Mechanistic control regimes for intergranular cavity growth in 2.25Cr-1 Mo steel under various stresses and stress states

Abstract

Quantitative models for creep-cavity growth are assessed in relation to results obtained in 2.25Cr-1Mo steel at 565°C. Measurements of cavity size and spacing previously performed in interrupted tests under uniaxial tension are analysed further in the light of results obtained under a state of triaxial tension obtained in axially loaded circumferentially notched bar tests. Such tests enable us to distinguish between the principal stresses σ1 or hydrostatic stress (σH and the effective stress σ controlling shear deformation. While at high stresses (>200 MN m−2) small cavities can grow by diffusion-controlled growth, for stress levels of major interest results are interpreted on the basis that the grain boundaries behave as imperfect vacancy sources.
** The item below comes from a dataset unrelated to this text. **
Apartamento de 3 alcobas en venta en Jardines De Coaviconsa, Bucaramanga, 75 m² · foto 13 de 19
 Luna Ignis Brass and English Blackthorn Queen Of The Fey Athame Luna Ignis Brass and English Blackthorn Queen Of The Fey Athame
In the early stages it is proposed that an inhibited diffusional mechanism prevails such that growth is limited by the availability of dislocations climbing in the grain boundaries. With further growth a plasticity-controlled or continuum-growth process becomes dominant and this is considered to occur at an enhanced rate owing to the presence of weak precipitate-free zones at the grain boundaries. During the late stages cavity growth becomes geometrically constrained by creep in the surrounding material. This situation is favoured under conditions of high triaxiality (σH/σ). On the basis of these interpretations the rupture life and ductility are shown to decrease with increasing triaxiality.